## Work task
Please copy the lines below, exactly as they are, from the one with "Les mercredis guinguette" through the one with "Römischer Centurion Helm-Typ", and leave out the pictures.

[Opening Records to use section]

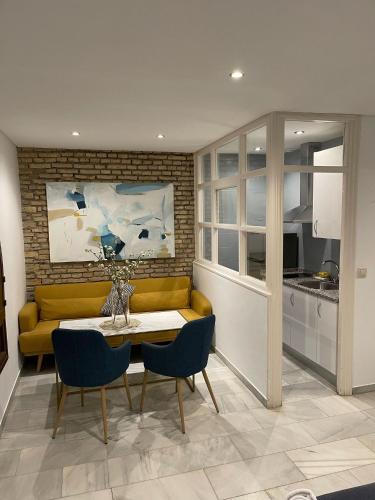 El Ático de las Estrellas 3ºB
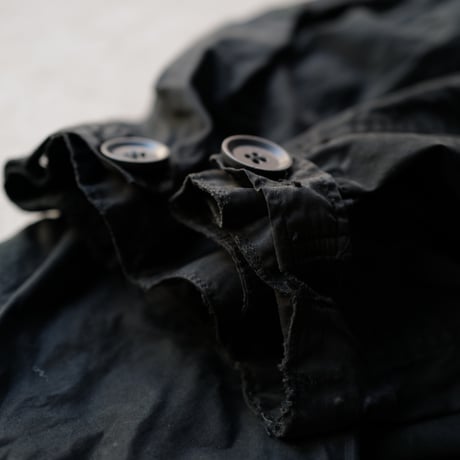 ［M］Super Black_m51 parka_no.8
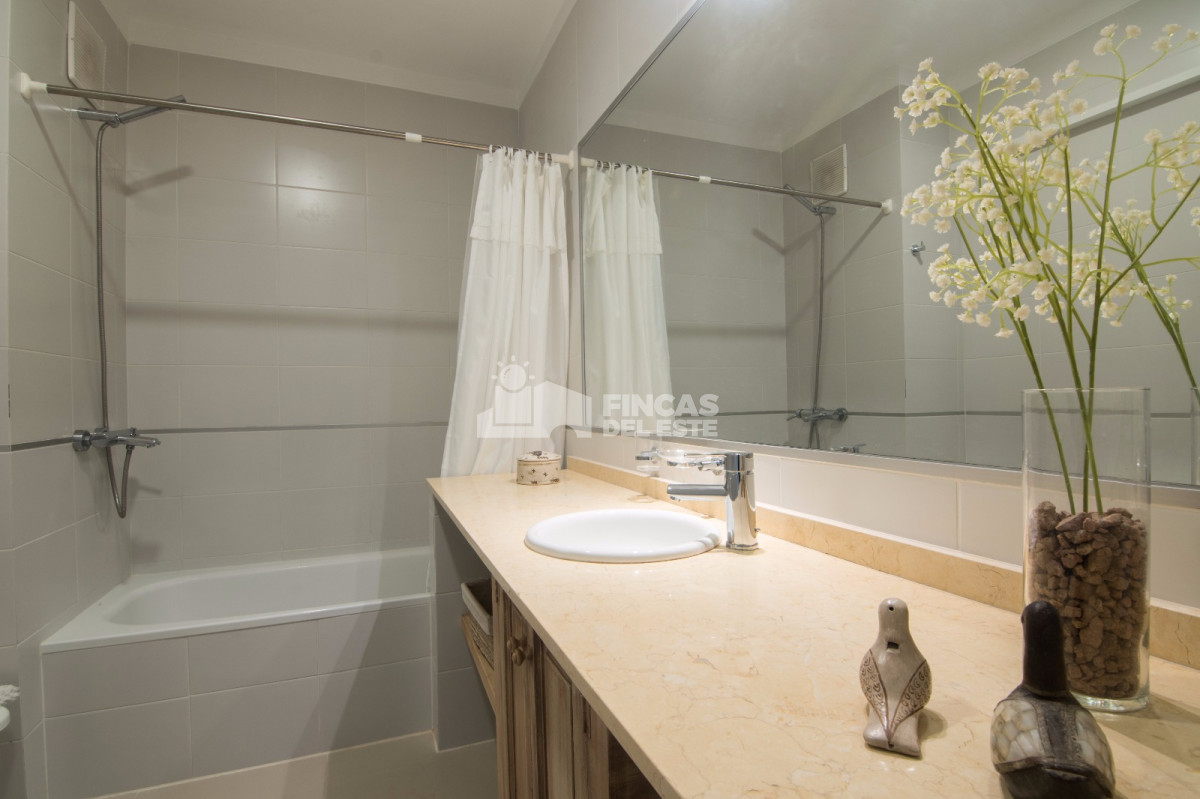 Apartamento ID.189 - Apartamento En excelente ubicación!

[Closing Records to use section]
[Opening Records to use section]

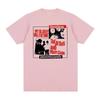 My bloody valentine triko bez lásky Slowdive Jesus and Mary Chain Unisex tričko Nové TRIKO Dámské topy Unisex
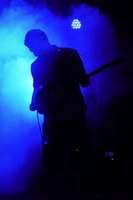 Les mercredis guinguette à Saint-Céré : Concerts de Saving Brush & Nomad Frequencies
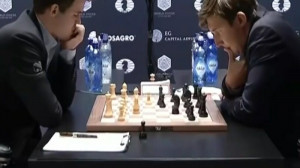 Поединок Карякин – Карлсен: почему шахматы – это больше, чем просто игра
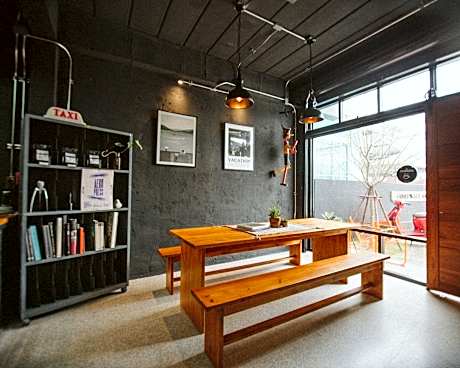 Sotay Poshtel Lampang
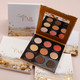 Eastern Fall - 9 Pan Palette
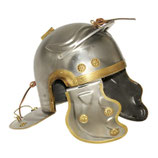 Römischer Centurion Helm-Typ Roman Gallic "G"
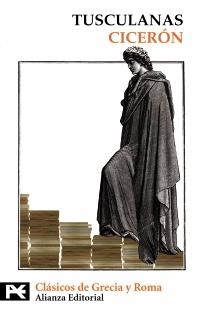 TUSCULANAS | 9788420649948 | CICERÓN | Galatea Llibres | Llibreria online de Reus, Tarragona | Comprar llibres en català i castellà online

[Closing Records to use section]

## Answer space
 Les mercredis guinguette à Saint-Céré : Concerts de Saving Brush & Nomad Frequencies
 Поединок Карякин – Карлсен: почему шахматы – это больше, чем просто игра
 Sotay Poshtel Lampang
 Eastern Fall - 9 Pan Palette
 Römischer Centurion Helm-Typ Roman Gallic "G"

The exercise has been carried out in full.